**** DATA PROVIDED

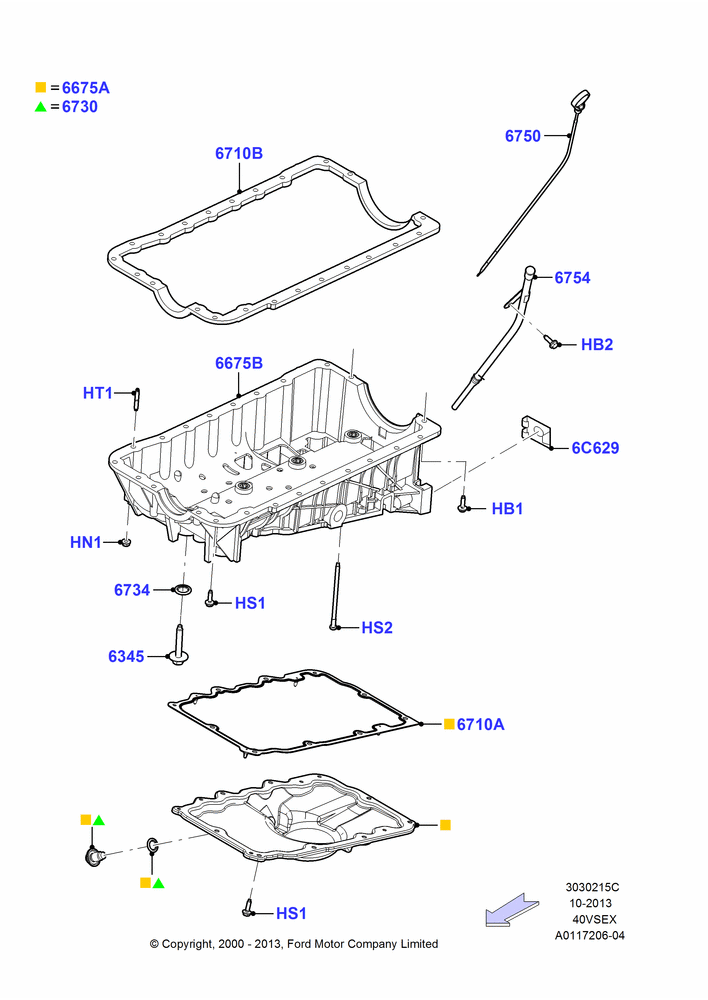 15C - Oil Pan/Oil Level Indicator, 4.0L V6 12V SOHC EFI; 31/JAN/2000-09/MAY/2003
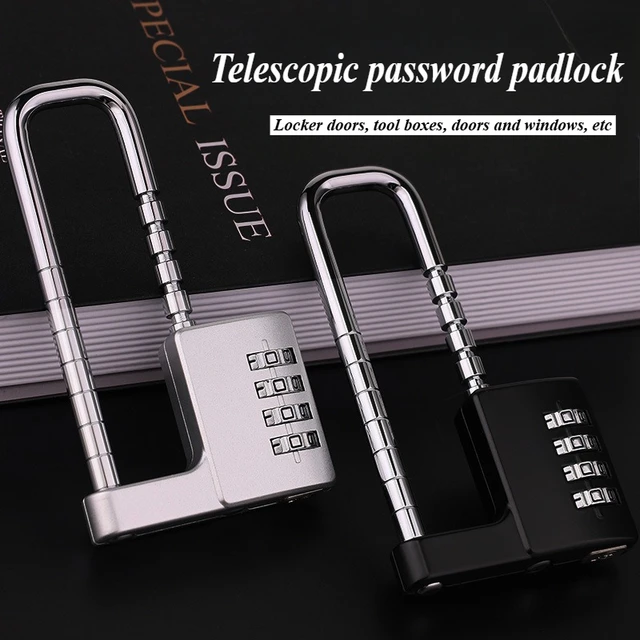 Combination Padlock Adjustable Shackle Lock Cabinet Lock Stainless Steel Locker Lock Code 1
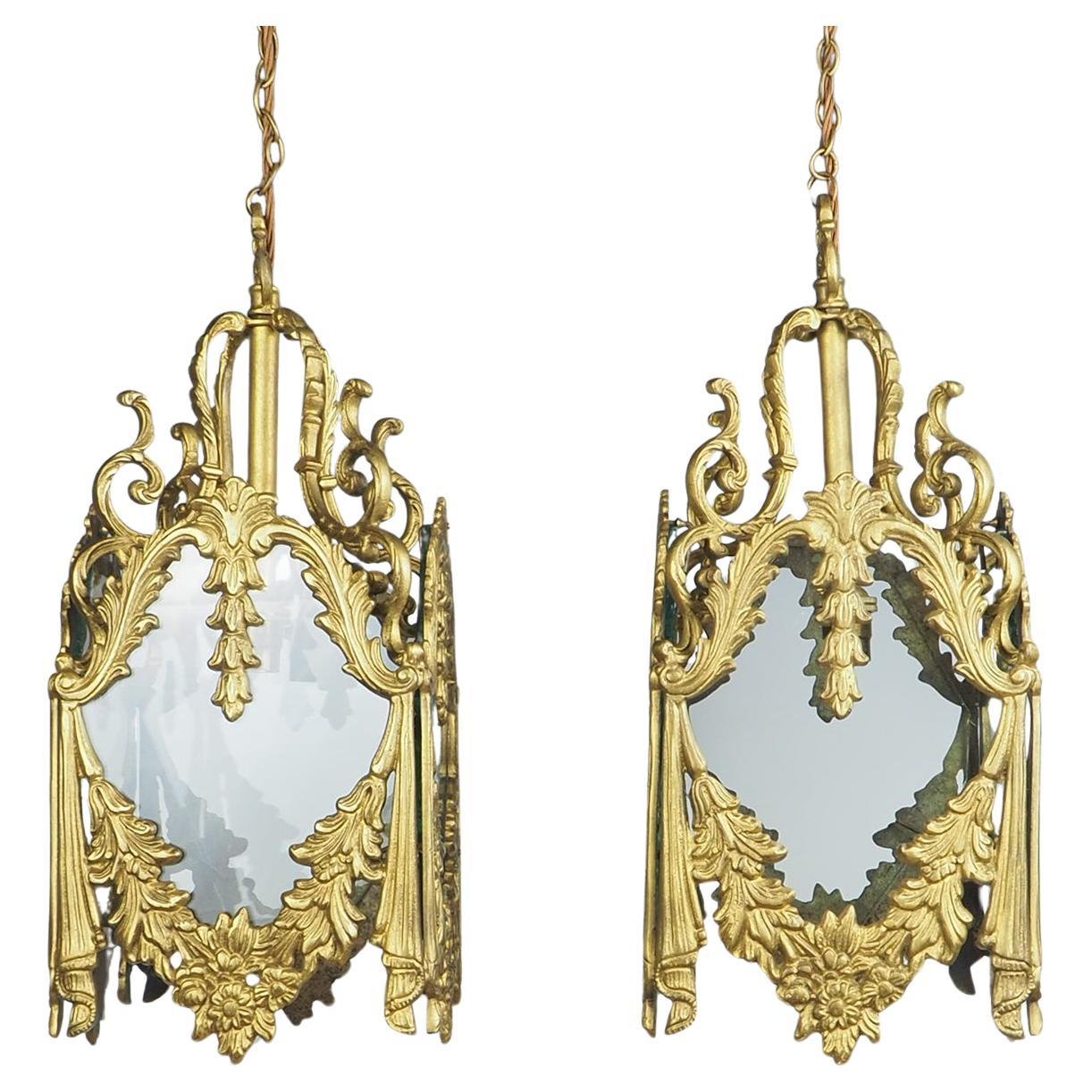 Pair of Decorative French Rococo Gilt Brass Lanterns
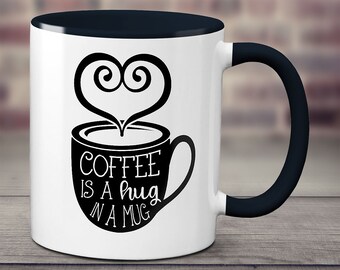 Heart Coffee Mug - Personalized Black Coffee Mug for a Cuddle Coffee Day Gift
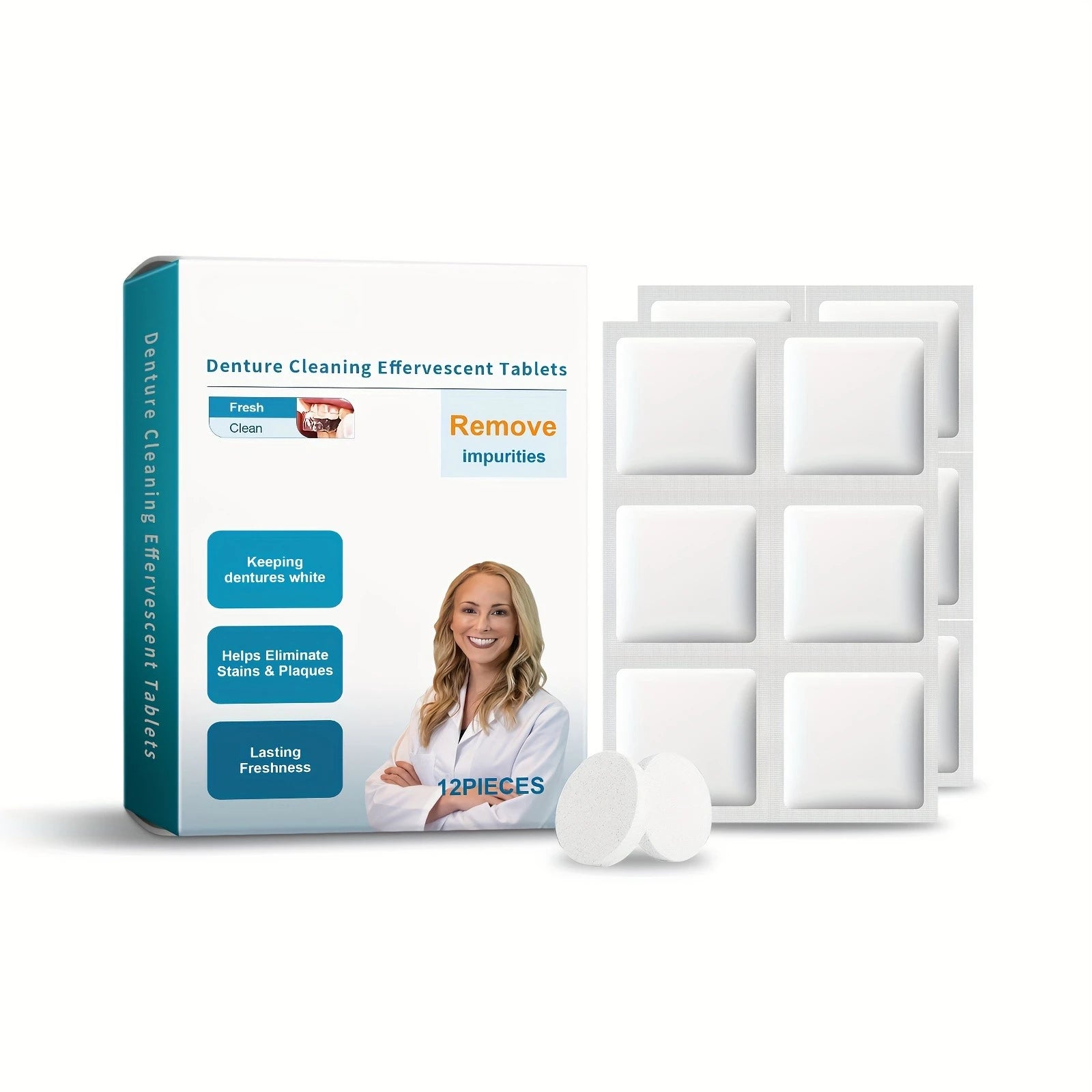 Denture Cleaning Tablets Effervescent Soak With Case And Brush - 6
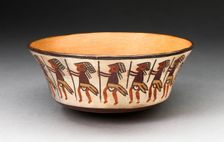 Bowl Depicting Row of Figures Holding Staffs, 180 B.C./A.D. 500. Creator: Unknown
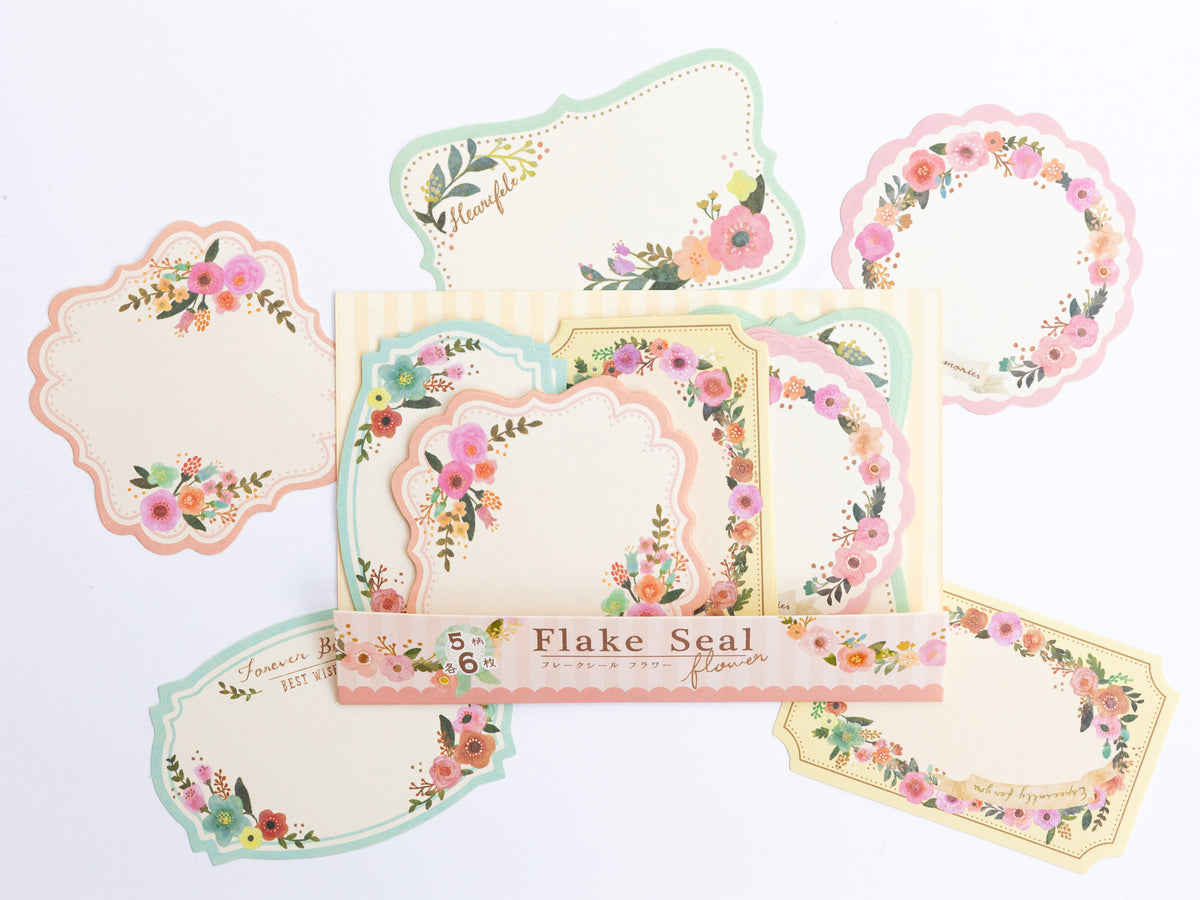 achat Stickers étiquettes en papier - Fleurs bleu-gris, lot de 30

********

WHAT YOU SHOULD DO:
Begin with the line that contains "Denture Cleaning Tablets" and repeat every line through the end of the data, exactly and only those lines, leaving out the pictures.

WRITTEN SOLUTION:
 Denture Cleaning Tablets Effervescent Soak With Case And Brush - 6
 Bowl Depicting Row of Figures Holding Staffs, 180 B.C./A.D. 500. Creator: Unknown
 achat Stickers étiquettes en papier - Fleurs bleu-gris, lot de 30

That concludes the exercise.